■ SOURCE RECORDS
****
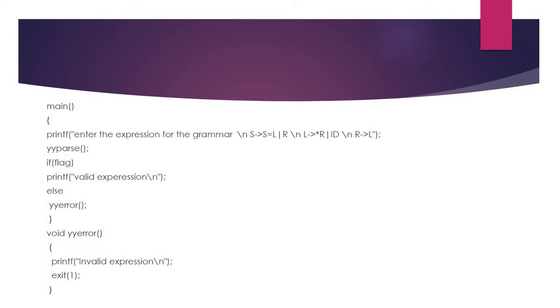If the flag is true, then it is a valid expression. Otherwise, we call the yyerror function. The yyerror function will be called whenever there is a syntax error in our input.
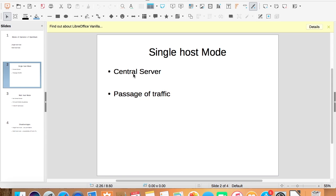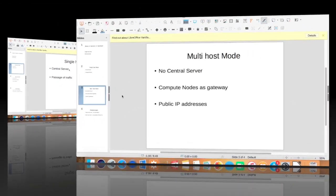So when the virtual machines need to access the internet, the traffic is passed to the central server, which acts as a gateway to connect to the internet.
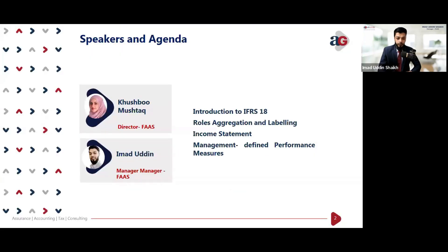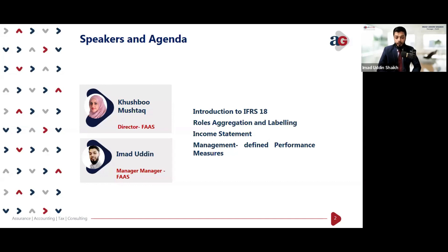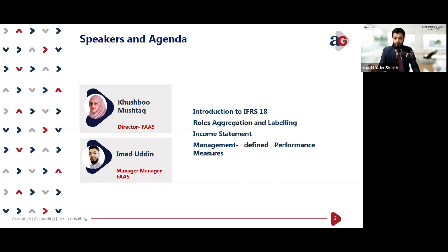The agenda covers: introduction to IFRS 18, roles, aggregation and labeling — which defines the structure of what we present in financial statements — key changes in the income statement, and management-defined performance measures. MPMs have been narrowly defined by IFRS 18 and must now be incorporated as a single note in the financial statements. Previously, companies reported them in annual reports outside of audited statements, but now they must be included within the audited financial statements.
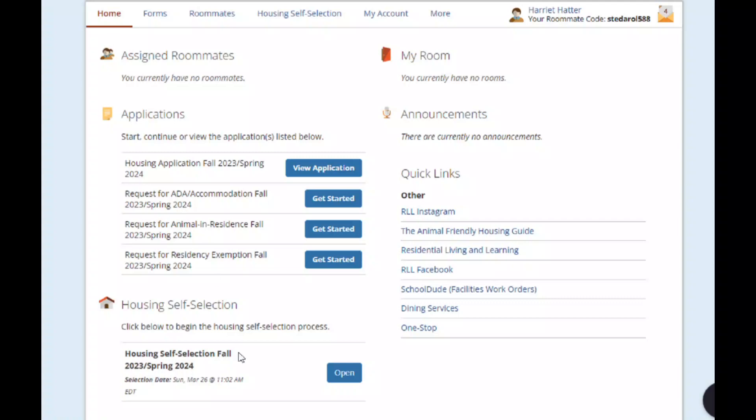From the Housing Central homepage, you can see the Housing Self-Selection section at the bottom of the page. You can click Open or click Housing Self-Selection at the top of the page.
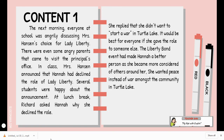Continuing content one: the next morning, everyone at school was angrily discussing Mrs. Hanson's choice for Lady Liberty. There were even some angry parents who came to visit the principal's office. In class, Mrs. Hanson announced that Hannah had declined the role of Lady Liberty. Several students were happy about the announcement. At lunch break, Richard asked Hannah why she declined the role. She replied that she didn't want to start a war in Turtle Lake and it would be best for everyone if she gave the role to someone else. The Liberty Bonds event had made Hannah a better person as she became more considerate of others around her — she wanted peace instead of war amongst the community in Turtle Lake.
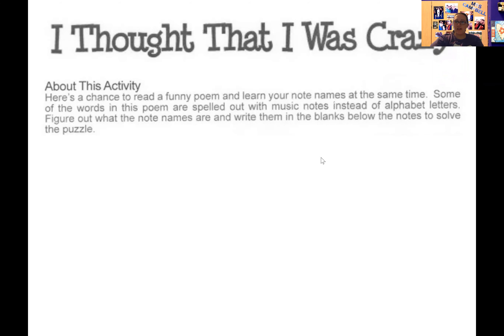Hello again everybody, it's Ms. Campbell. Here we are with the letter names on the staff, and I have this silly little activity to do, and it's called 'I Thought That I Was Crazy.' I'm just going to go ahead and read our instructions here about this activity.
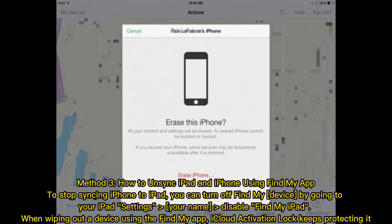Method 3: How to unsync iPad and iPhone using the Find My App. To stop syncing iPhone to iPad, you can turn off Find My Device by going to your iPad Settings, your name, then disable Find My iPad. When wiping out a device using the Find My App, iCloud activation lock keeps protecting it.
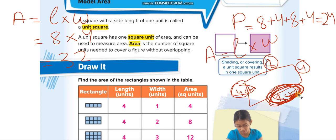What we are finding in area is how much area we have inside the shape — how many square units we have inside this rectangle. Let me explain what square units means.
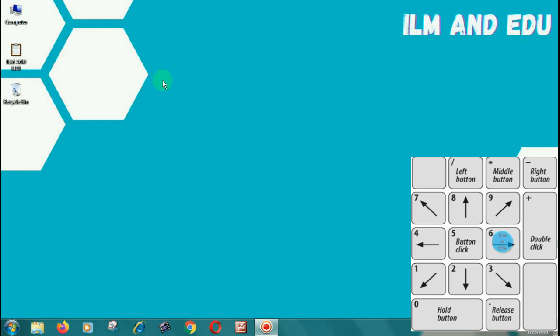Press and hold 4 to move the mouse pointer to the left. Press and hold 6 to move the mouse pointer to the right. Press and hold 1 to move the mouse pointer down and to the left. Press and hold 3 to move the mouse pointer down and to the right. Press and hold 2 to move the mouse pointer down.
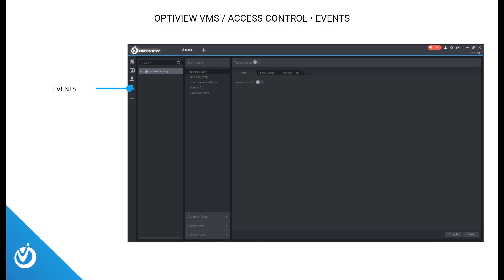The fourth tab in the access control section is events. This is where you can set up and view alarms. You can even use this section to set cameras to record when users access doors.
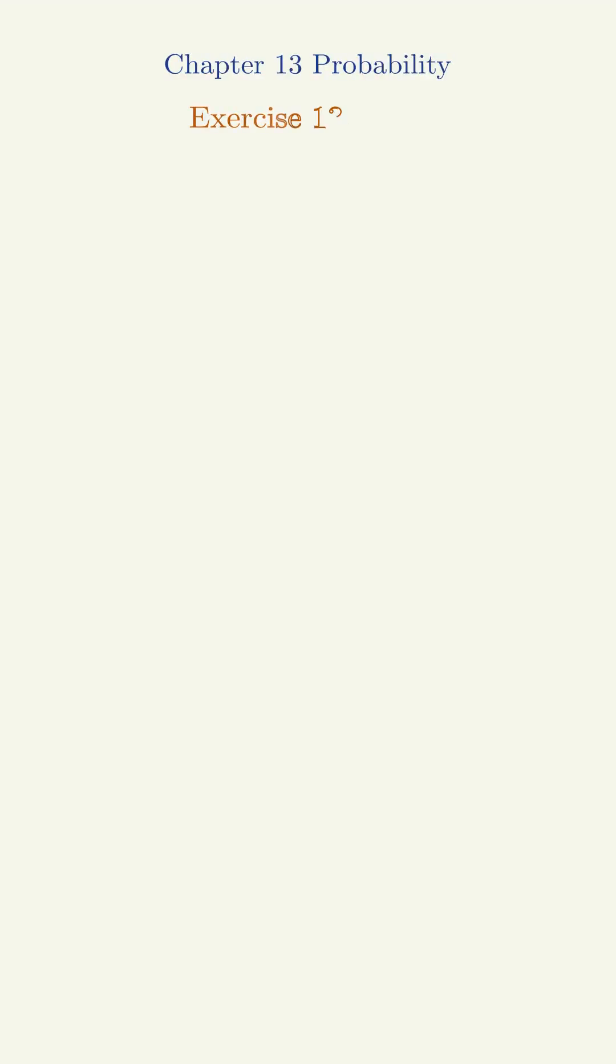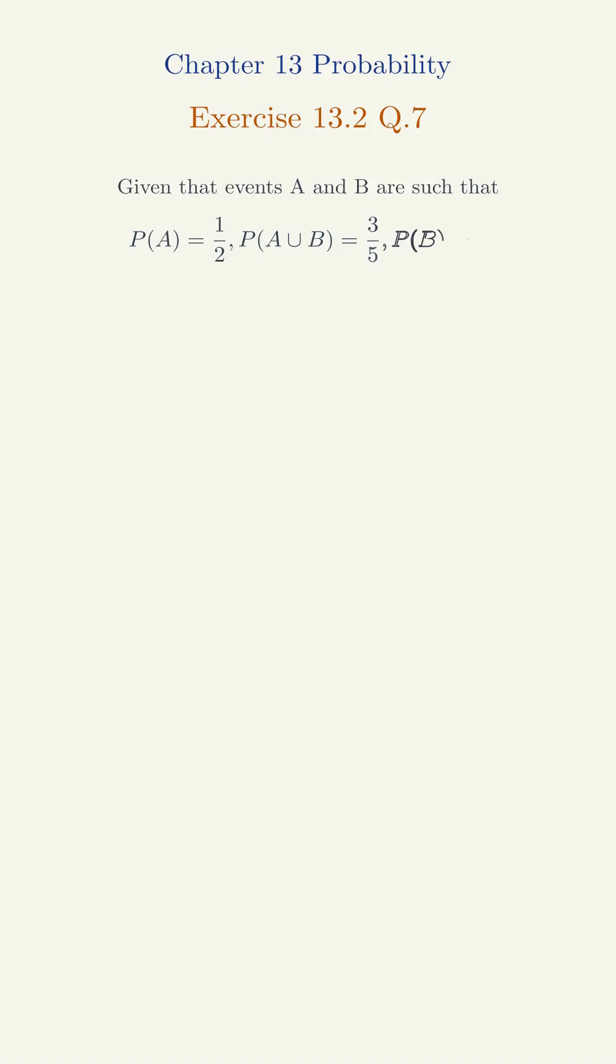Exercise 13.2 Question 7. Given that events A and B are such that P(A) equals 1/2, P(A union B) equals 3/5, and P(B) equals p, find p if they are: (i) mutually exclusive, (ii) independent.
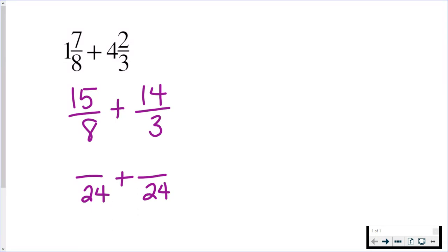In order to go from 8 to 24, you multiply by 3. And when you are doing this, whatever you do to the denominator, you must also do to the numerator, which means the 15 is also going to be multiplied by 3.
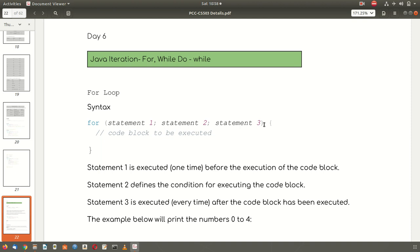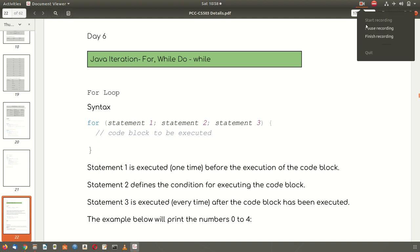The initialization statement and the step parameter, these three blocks of code combine together to form Java iterations: for loop, while loop, and do while loop.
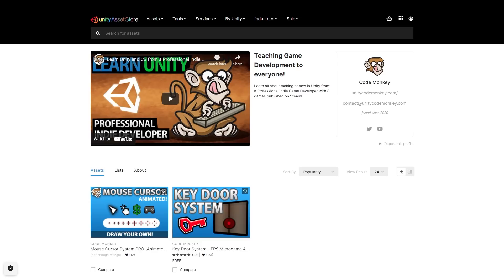Also check out my own free and paid assets on the store. Alright, hope that's useful. Check out these videos to learn some more. Thanks to these awesome Patreon supporters for making these videos possible. Thank you for watching and I'll see you in the next video.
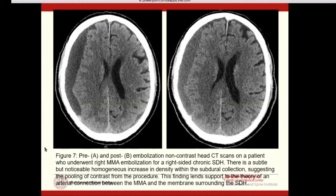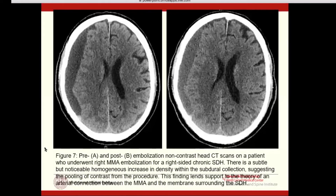On the left is a pre- and on the right is a post-op head CT of a patient before and after embolization. When we first did these procedures, we were getting calls from the radiologist saying the patient was having interval acute hemorrhage, because the blood was slightly more radio-dense on the right than on the left. But it's not interval hemorrhage — it's contrast pooling within the subdural hematoma in that space. All of these radiographic findings were part of our proof of concept before we had clinical data.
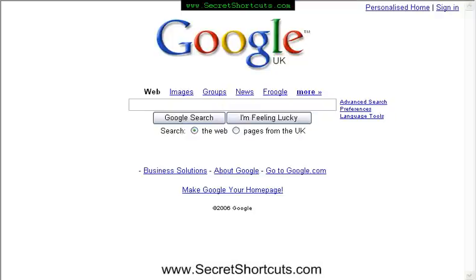Hello and welcome. My name is Daniel Wagner from Secretshortcuts.com and this session will talk you through signing up for Google AdWords.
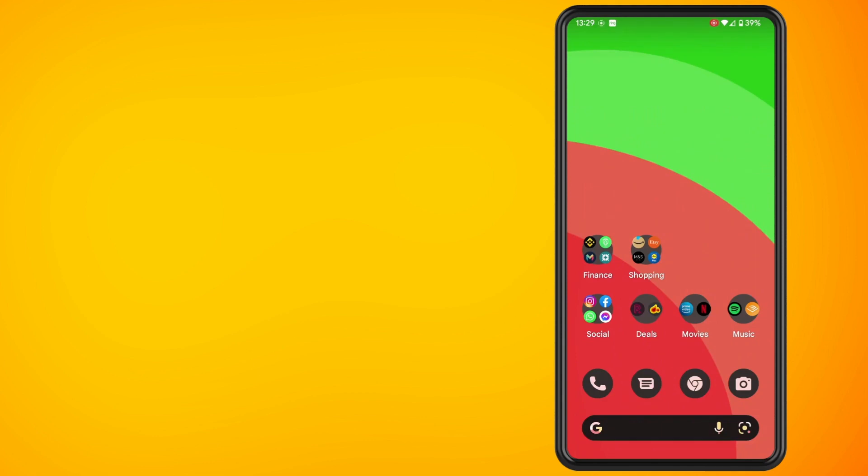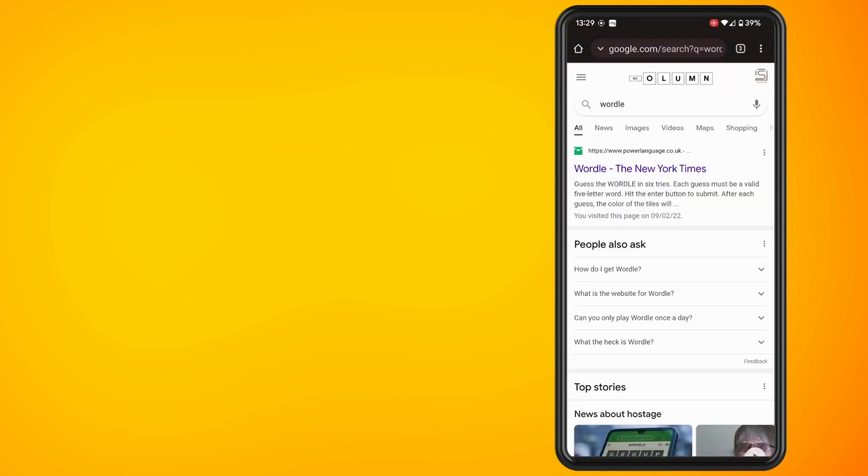In this video I'm going to show you how to get Wordle on your phone just like an app. We know that Wordle is not an official app, so if you go to the website I'm going to show you how to put a shortcut onto your home screen that looks just like an app.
****
■ REQUIRED ACTION
Omit the pictures. Print, word for word, the lines from the beginning of the entries above through the line that holds "From the Housing".

■ RESPONSE AREA
If the flag is true, then it is a valid expression. Otherwise, we call the yyerror function. The yyerror function will be called whenever there is a syntax error in our input.
So when the virtual machines need to access the internet, the traffic is passed to the central server, which acts as a gateway to connect to the internet.
The agenda covers: introduction to IFRS 18, roles, aggregation and labeling — which defines the structure of what we present in financial statements — key changes in the income statement, and management-defined performance measures. MPMs have been narrowly defined by IFRS 18 and must now be incorporated as a single note in the financial statements. Previously, companies reported them in annual reports outside of audited statements, but now they must be included within the audited financial statements.
From the Housing Central homepage, you can see the Housing Self-Selection section at the bottom of the page. You can click Open or click Housing Self-Selection at the top of the page.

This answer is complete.